El pueblo en sí — una pequeña cuadrícula de calles detrás de la playa — tiene un mercado matutino de los sábados donde las familias de pescadores venden su captura de las salidas nocturnas al Mar del Sur de China. Compré raya a la parrilla en un puesto regentado por una mujer que lo envolvió en hoja de plátano sin que se lo pidiera, y lo comí en cuclillas en un taburete de plástico mientras los gatos rondaban con paciencia profesional. El pescado era extraordinario: dulce, ahumado, con un sambal que tenía pasta de gambas fermentadas cortada con lima. Costó casi nada y sabía a una receta que había estado llegando a sí misma durante mucho tiempo.

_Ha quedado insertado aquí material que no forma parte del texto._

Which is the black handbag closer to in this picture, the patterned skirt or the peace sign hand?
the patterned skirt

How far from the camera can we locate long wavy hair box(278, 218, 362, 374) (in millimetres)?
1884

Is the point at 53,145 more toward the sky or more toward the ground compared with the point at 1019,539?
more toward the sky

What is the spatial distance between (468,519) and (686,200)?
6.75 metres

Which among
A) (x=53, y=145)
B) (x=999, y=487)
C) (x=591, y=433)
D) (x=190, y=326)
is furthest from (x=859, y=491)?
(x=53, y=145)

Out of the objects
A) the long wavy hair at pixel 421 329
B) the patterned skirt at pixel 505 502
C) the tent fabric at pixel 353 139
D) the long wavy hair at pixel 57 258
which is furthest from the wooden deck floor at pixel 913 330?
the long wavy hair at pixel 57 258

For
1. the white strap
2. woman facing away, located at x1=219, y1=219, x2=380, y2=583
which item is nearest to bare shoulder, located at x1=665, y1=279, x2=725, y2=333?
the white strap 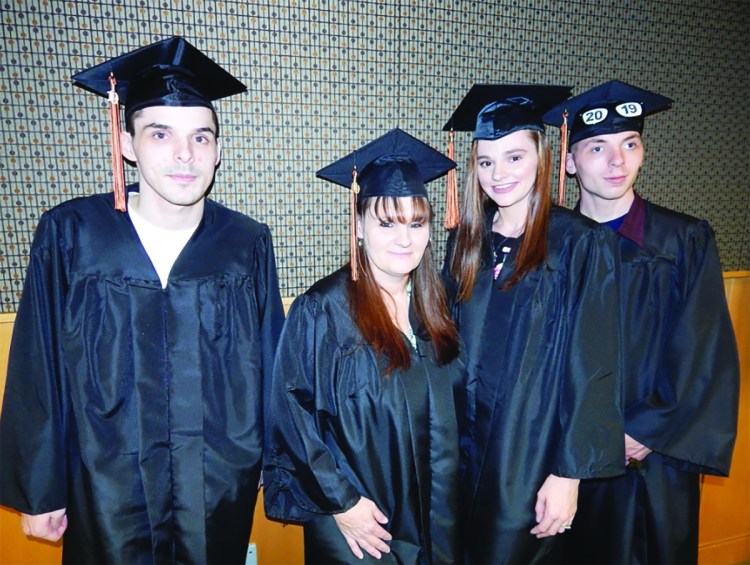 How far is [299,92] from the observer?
1.83 meters

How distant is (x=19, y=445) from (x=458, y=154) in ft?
6.21

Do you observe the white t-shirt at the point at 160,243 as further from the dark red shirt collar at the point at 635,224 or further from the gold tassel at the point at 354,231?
the dark red shirt collar at the point at 635,224

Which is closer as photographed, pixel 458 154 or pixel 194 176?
pixel 194 176

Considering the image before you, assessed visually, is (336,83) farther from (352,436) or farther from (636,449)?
(636,449)

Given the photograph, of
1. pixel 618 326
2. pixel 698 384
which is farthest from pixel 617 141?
pixel 698 384

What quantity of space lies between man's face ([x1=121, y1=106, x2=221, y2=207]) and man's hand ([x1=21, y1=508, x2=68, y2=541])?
1013mm

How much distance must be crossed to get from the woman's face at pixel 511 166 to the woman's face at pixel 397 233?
0.95 feet

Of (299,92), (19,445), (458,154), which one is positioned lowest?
(19,445)

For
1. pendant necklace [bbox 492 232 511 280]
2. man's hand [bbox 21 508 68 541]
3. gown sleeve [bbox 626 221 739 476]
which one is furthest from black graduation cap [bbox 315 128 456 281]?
man's hand [bbox 21 508 68 541]

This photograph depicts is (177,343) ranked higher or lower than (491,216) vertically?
lower

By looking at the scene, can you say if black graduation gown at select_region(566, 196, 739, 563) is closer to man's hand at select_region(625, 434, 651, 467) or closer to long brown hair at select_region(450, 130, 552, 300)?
man's hand at select_region(625, 434, 651, 467)

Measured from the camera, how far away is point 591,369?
144cm

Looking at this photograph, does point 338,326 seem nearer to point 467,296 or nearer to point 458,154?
point 467,296

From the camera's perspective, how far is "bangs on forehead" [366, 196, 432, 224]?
4.70 feet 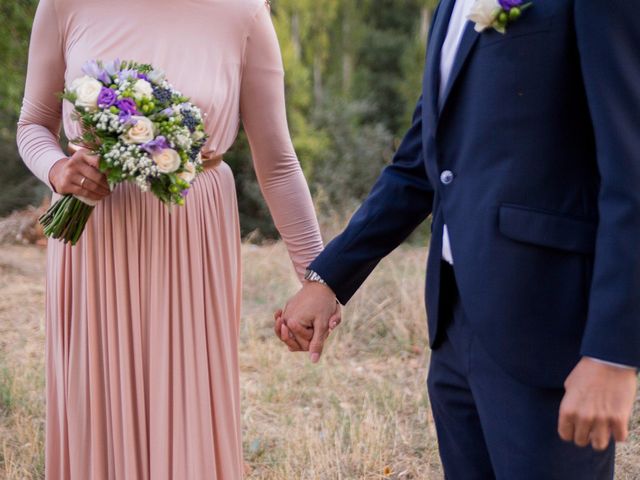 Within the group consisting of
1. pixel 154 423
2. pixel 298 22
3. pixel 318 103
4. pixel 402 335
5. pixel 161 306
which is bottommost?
pixel 402 335

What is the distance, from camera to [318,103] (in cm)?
2177

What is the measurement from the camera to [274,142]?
304cm

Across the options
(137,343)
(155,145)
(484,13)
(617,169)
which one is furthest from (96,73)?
(617,169)

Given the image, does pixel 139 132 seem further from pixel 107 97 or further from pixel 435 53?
pixel 435 53

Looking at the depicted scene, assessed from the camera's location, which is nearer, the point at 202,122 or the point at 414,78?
the point at 202,122

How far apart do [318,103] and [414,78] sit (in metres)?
2.84

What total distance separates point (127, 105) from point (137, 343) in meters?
0.83

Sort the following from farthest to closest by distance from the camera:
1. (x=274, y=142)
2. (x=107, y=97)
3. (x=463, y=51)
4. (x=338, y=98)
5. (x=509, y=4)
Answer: (x=338, y=98)
(x=274, y=142)
(x=107, y=97)
(x=463, y=51)
(x=509, y=4)

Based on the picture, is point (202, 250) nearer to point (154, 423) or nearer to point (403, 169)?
point (154, 423)

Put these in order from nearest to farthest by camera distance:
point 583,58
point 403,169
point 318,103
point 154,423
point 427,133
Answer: point 583,58 → point 427,133 → point 403,169 → point 154,423 → point 318,103

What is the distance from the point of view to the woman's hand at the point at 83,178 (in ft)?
8.14

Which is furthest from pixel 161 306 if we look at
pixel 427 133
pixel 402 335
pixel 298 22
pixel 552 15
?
pixel 298 22

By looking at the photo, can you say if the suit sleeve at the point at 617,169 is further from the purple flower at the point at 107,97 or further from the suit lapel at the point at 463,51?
the purple flower at the point at 107,97

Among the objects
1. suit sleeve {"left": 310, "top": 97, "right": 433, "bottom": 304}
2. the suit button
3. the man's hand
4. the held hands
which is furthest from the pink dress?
the man's hand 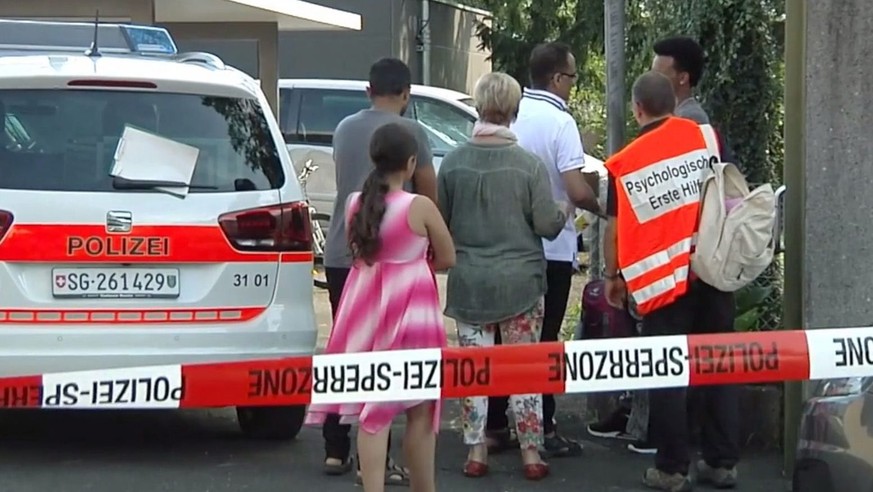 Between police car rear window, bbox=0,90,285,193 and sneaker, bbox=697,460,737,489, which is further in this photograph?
sneaker, bbox=697,460,737,489

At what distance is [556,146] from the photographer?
7062 mm

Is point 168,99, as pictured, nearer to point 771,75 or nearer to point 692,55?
point 692,55

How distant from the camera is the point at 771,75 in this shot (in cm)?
848

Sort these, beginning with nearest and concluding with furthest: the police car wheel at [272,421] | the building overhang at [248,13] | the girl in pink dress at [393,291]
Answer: the girl in pink dress at [393,291]
the police car wheel at [272,421]
the building overhang at [248,13]

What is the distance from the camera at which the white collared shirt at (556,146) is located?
7.04 meters

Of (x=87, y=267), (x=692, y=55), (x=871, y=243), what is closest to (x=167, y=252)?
(x=87, y=267)

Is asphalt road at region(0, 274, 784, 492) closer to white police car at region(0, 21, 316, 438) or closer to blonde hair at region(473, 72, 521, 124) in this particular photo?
white police car at region(0, 21, 316, 438)

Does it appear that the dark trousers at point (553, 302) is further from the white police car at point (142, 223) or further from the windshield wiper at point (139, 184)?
the windshield wiper at point (139, 184)

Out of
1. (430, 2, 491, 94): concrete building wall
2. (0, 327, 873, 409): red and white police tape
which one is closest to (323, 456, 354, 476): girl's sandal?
(0, 327, 873, 409): red and white police tape

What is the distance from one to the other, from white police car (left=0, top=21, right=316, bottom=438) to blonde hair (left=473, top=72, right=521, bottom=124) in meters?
0.93

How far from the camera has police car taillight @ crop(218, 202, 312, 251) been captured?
6.61 meters

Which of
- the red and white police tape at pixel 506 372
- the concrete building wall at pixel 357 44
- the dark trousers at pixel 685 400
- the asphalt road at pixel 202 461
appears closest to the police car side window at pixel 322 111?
the concrete building wall at pixel 357 44

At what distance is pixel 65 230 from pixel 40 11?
5266mm

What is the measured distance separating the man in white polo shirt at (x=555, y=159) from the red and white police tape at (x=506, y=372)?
5.33ft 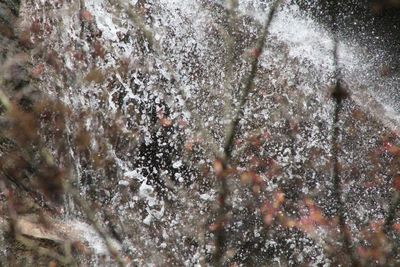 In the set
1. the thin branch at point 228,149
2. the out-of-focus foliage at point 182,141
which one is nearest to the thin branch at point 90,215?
the out-of-focus foliage at point 182,141

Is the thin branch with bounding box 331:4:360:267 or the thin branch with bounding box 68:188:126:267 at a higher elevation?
the thin branch with bounding box 331:4:360:267

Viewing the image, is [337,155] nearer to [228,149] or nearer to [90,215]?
[228,149]

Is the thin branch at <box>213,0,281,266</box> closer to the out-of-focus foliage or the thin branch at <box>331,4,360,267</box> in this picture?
the out-of-focus foliage

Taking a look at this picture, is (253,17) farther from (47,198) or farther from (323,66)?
(47,198)

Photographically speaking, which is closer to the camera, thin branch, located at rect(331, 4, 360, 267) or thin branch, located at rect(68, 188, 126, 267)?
thin branch, located at rect(331, 4, 360, 267)

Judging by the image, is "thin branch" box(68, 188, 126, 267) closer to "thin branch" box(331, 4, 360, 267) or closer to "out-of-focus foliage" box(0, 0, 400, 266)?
"out-of-focus foliage" box(0, 0, 400, 266)

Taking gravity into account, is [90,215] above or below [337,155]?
below

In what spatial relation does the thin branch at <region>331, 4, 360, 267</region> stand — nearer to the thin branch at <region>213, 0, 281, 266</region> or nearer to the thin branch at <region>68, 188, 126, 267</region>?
the thin branch at <region>213, 0, 281, 266</region>

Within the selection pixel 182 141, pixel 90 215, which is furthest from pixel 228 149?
pixel 90 215

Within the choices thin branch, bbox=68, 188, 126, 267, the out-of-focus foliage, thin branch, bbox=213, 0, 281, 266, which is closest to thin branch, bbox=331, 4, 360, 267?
the out-of-focus foliage
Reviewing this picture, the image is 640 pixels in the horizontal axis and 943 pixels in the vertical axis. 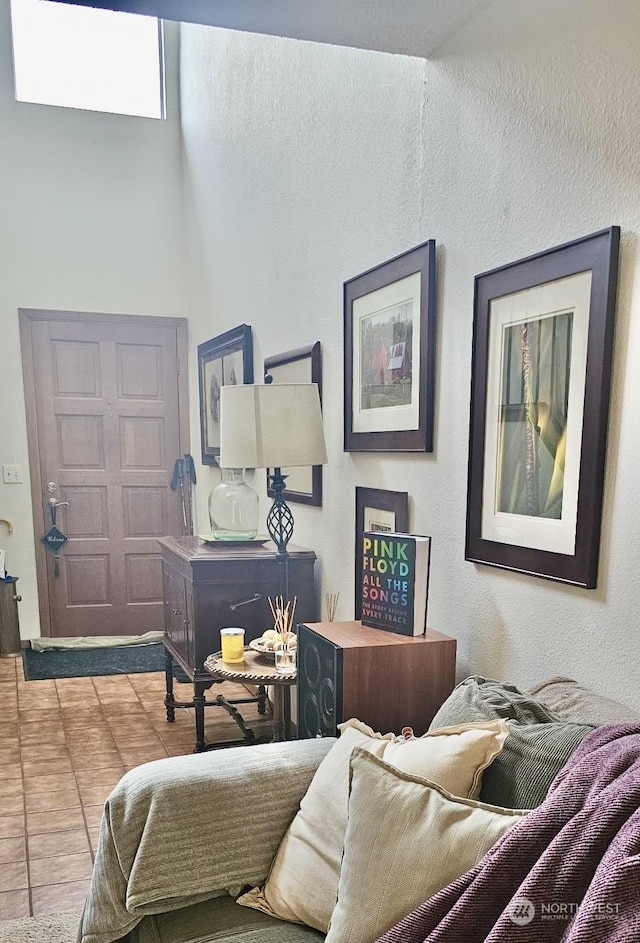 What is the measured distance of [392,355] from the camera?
2096 millimetres

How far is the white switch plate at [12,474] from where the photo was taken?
4.34 metres

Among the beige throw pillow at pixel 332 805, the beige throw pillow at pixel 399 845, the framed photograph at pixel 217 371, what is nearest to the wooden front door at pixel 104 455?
the framed photograph at pixel 217 371

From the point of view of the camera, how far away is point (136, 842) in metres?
1.30

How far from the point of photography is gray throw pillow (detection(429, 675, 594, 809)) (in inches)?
42.9

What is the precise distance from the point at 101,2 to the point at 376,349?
1.17m

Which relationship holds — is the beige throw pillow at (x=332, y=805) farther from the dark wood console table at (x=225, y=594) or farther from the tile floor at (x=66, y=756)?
the dark wood console table at (x=225, y=594)

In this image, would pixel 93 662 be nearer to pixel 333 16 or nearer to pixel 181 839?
pixel 181 839

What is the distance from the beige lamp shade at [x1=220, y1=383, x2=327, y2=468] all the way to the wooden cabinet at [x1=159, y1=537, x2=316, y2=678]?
0.57 m

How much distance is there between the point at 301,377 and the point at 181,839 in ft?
6.30

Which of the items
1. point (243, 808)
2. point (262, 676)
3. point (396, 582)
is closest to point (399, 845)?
point (243, 808)

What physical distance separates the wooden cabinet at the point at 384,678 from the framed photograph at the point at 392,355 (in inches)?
22.0

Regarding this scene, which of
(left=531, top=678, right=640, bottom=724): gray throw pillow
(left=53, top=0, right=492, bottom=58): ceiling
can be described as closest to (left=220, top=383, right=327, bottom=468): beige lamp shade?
(left=53, top=0, right=492, bottom=58): ceiling

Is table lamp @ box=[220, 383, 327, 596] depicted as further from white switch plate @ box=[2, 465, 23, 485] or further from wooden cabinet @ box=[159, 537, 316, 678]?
white switch plate @ box=[2, 465, 23, 485]

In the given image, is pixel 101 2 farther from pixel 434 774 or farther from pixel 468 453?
pixel 434 774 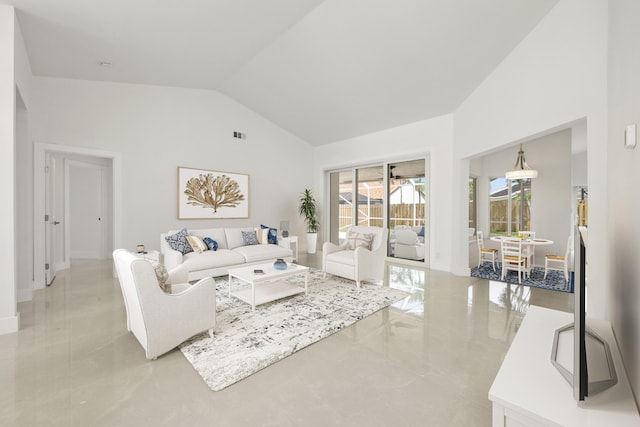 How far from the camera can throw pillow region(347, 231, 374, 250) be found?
4684 mm

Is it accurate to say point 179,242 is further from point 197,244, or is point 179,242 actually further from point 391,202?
point 391,202

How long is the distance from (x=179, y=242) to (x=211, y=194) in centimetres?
169

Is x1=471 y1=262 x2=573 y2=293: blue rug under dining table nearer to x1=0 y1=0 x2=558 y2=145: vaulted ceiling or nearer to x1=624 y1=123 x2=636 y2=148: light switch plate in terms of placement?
x1=0 y1=0 x2=558 y2=145: vaulted ceiling

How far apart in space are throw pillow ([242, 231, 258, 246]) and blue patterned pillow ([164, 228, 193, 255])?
3.54 feet

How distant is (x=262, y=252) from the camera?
5188 millimetres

El ferry a Labuan parte desde la terminal a corta distancia a pie de la playa y la travesía dura unas una hora. Pero me quedé en Muara. Hay algo que decir sobre la simplicidad de un lugar al que no se le ha pedido ser nada más que lo que es — una playa para la gente que vive aquí, un mercado para la gente que pesca aquí, un puerto para los bienes que abastecen al país. Caminé por la playa hasta que las casuarinas se volvieron naranjas con la última luz y luego cogí el último autobús de vuelta a BSB con arena todavía en los zapatos.
Cuando ir: El mercado matutino del sábado funciona hasta alrededor del mediodía y es la razón principal para llegar temprano. La playa es más agradable desde última hora de la tarde, cuando el sol abandona la arena y llegan las familias. Evita la playa durante los meses de lluvia fuerte — noviembre a enero — cuando el mar está más agitado y el viaje puede ser difícil.